South Carolina governor signs Bill to remove Confederate flag
Legislation removing emblem of slavery follows passionate debate in state assembly
Man holds a confederate battle flag and Bible outside the statehouse in Columbia, South Carolina, on Thursday, just hours before Gov Nikki Haley signed a Bill to remove the flag from statehouse grounds. Photograph: Jason Miczek/Reuters
The Confederate battle flag, which has reignited a national debate since last month’s killings of nine black churchgoers in South Carolina, is to be removed from the grounds of the state’s seat of government.
Republican governor of South Carolina Nikki Haley signed a Bill on Thursday to remove the flag from the statehouse grounds on Friday.

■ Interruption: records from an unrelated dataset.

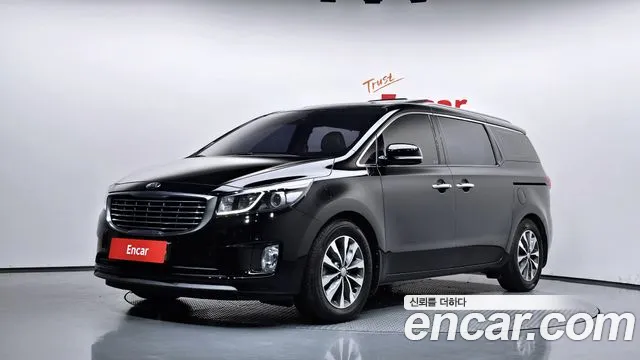 Kia Canival 2018 — photo 1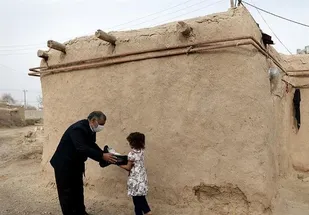 توزیع بیش از 2000  پوشاک میان خانواده های زیرپوشش کمیته امداد فیروزکوه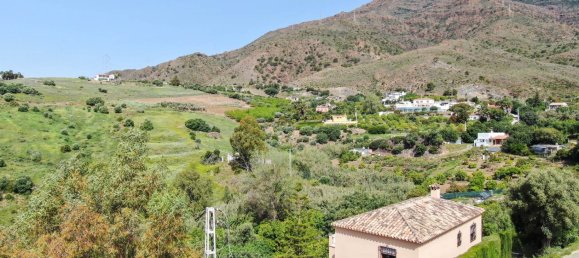 4 bedrooms House in Estepona, Spain No. 137930 30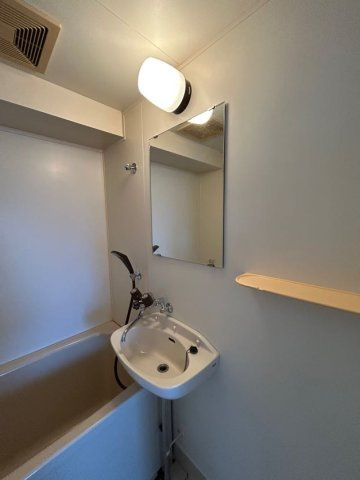 ハイツ輝の洗面所|広い洗面スペース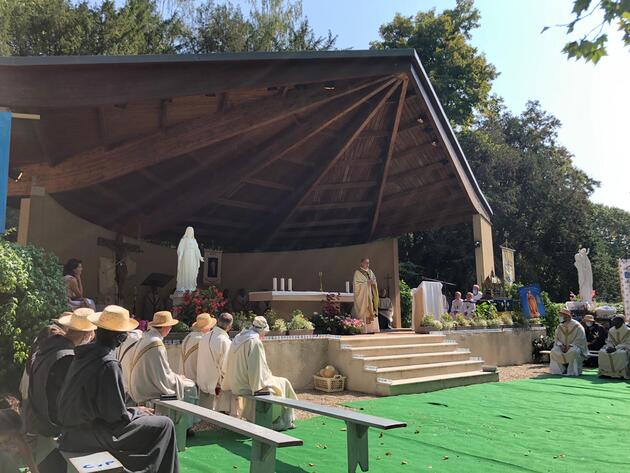 freres_saint_jean_mdemarie6 le M de Marie à Pellevoisin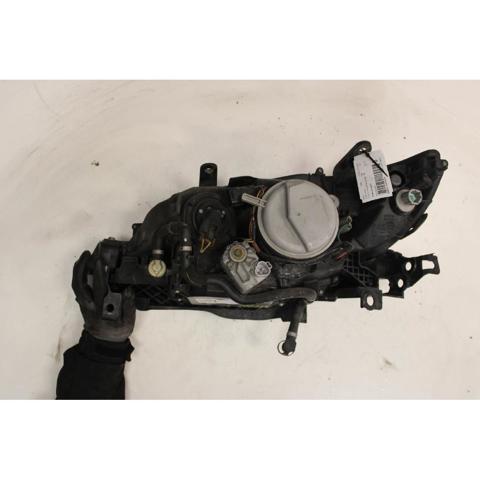 Reflektor prawy Subaru Legacy 4 B13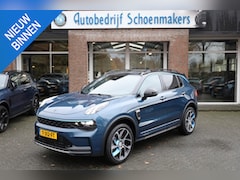 Lynk & Co 01 - 1.5 261PK 6.6Kwh+MY2023 ZWARTE-HEMEL 360-CAMERA PANO/SCHUIF INFINITY DAB NAVI CARPLAY STOE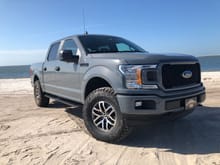 2020 Ford F-150 STX FX4 with 2.5 inch leveling kit and 17in Raptor wheels with 315/70/17.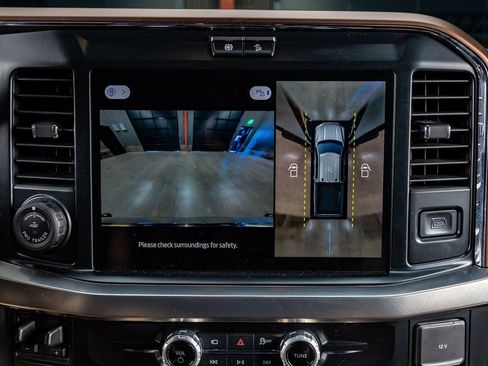 Used 2025 Ford F250 King Ranch w/ Tremor Off-Road Package image 26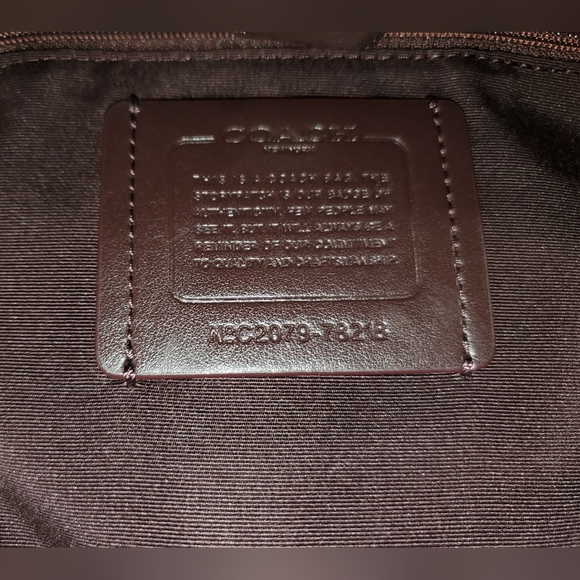 Retail Refined Leather Chain Coach Tote - Picture 5 of 8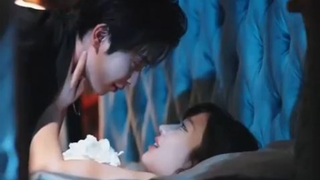 FULL Si kutu buku dingin jatuh cinta pada cewek bibir merah sejak pandangan pertama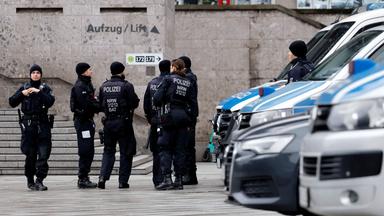 Rund um den Kölner Dom sind Polizisten in Stellung gegangen.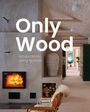 „Only Wood: Extraordinary Living Spaces”, Chris van Uffelen. Ein Wohnzimmer mit Kamin, Holzdecke und gemütlichem Sessel.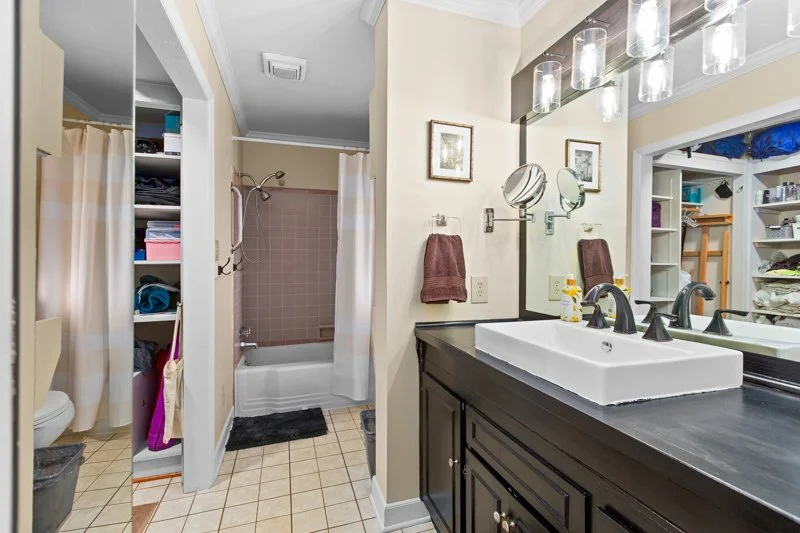 216 Knollwood Drive-29.jpg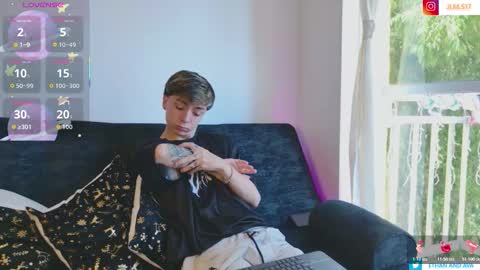 ethan and ava online show from December 2025 12:58:01 PM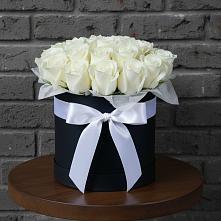 Цветочная композиция из Розы в шляпной коробке в Карталах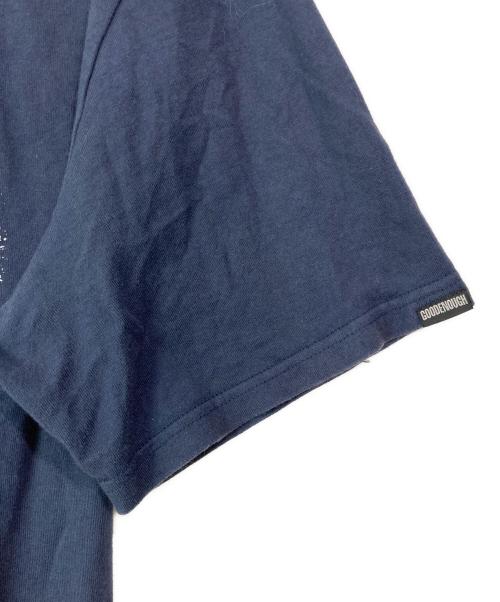 GOODENOUGH（グッドイナフ）GOODENOUGH (グッドイナフ) GOODプリントTシャツ ネイビー サイズ:XLの古着・服飾アイテム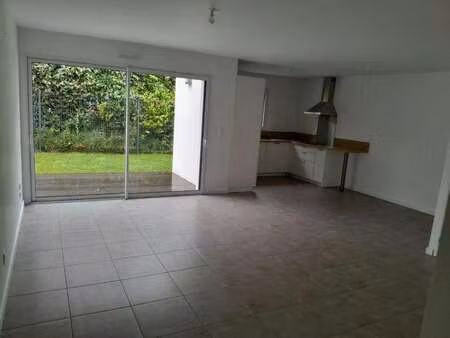 location maison à sainte-anne-d'auray (56400) : à louer / 95m² sainte-anne-d'auray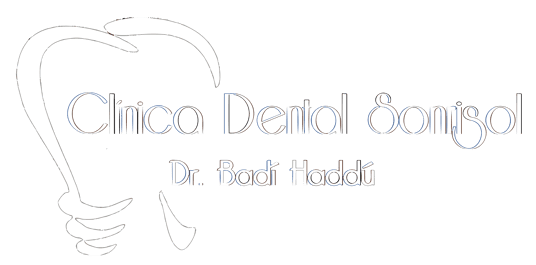 Implantología dental avanzada en Torremolinos. Clínica Dental Sonrisol. logo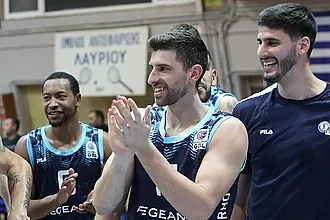 ΚΟΛΟΣΣΑΡΑ... 200 νίκες στα ''σαλόνια''!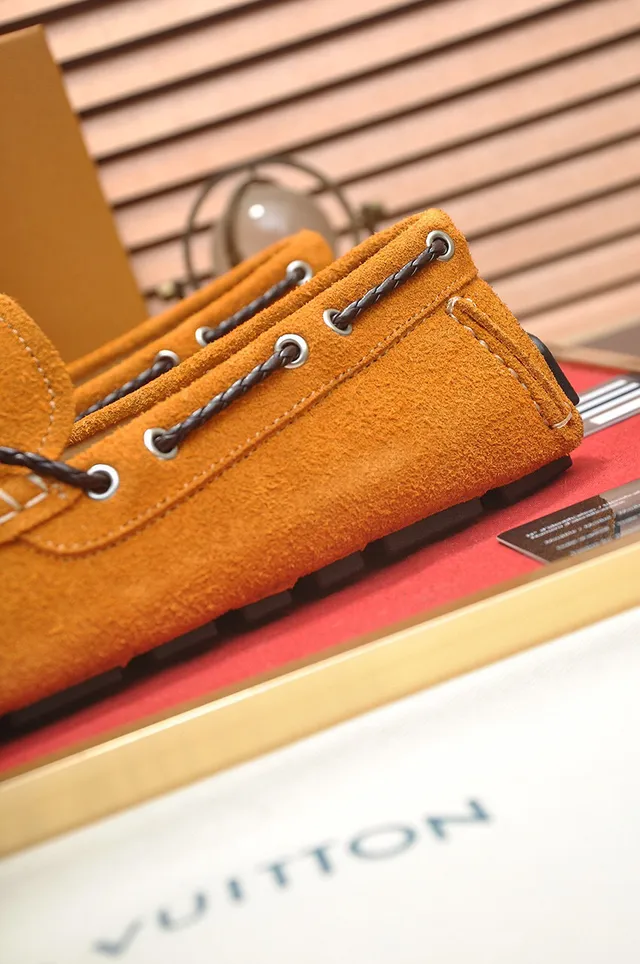 Louis Vuitton Mocasin de Ante Naranja Marrón con Lazo Decorativo y Cordones 9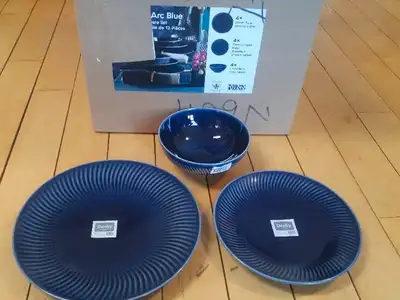 12 Piece Dish set of Denby Arc Blue..Brand New in Open Box.. ---***$120.00***--- 4 dinner plates, 4...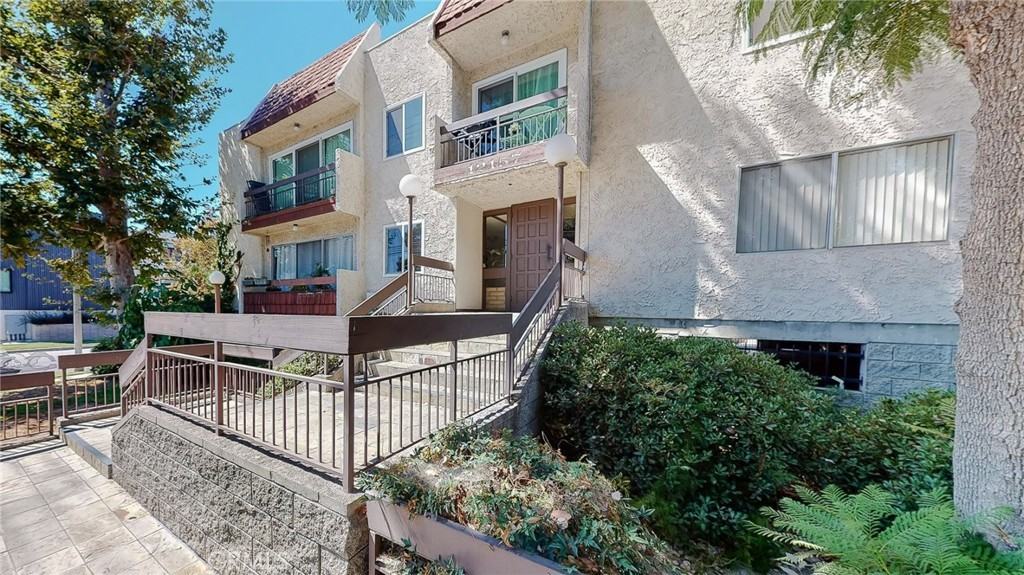 12157 Moorpark St #12157-202 - Photo 3 of 41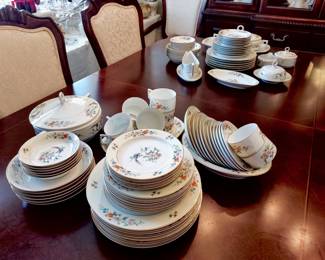 Bavarian China, "Songbird"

Ahead of a vote approving its removal, state lawmakers spoke passionately during a debate lasting into the early hours of Thursday about their opposition to the flag.
The “Stars and Bars” is, to some, an insulting symbol of slavery, to others a proud emblem of America’s Southern heritage.
Ms Haley, an Indian-American who previously resisted attempts to remove the flag from the statehouse in Columbia, called the vote “a new day for South Carolina”.
The removal of the flag marks a startling volte-face in a state where the first shots of the US Civil War were fired.
The flag, a symbol of the South’s opposition to Abraham Lincoln’s fight to abolish slavery, was raised above the state capitol 53 years ago in an act of opposition to the Civil Rights movement.
Now a divisive emblem of white supremacists, the flag reignited the debate when Dylann Roof, the man accused of killing nine African-Americans at a church in Charleston on June 17th, was photographed holding the flag in images on his website.
In Washington, John Boehner, Republican Speaker of the House of Representatives, called for a review of the display of Confederate memorabilia in the US Capitol, ending a racially charged debate in the House about use of the flag in parks and cemeteries.
He plans to set up a working group of Democrats and Republicans to review the use of Confederate symbols on government land.
“We all witnessed the people of Charleston and the people of South Carolina come together in a respectful way to deal with, frankly, what was a very horrific crime and difficult issue with the Confederate flag,” Mr Boehner said.
“I actually think it’s time for some adults here in the Congress to actually sit down and have a conversation about how to address this issue. I do not want this to become some political football.”
Following emotional speeches, South Carolina’s House of Representatives voted to remove the flag by 94 votes to 20, after the state’s senate had earlier approved its removal.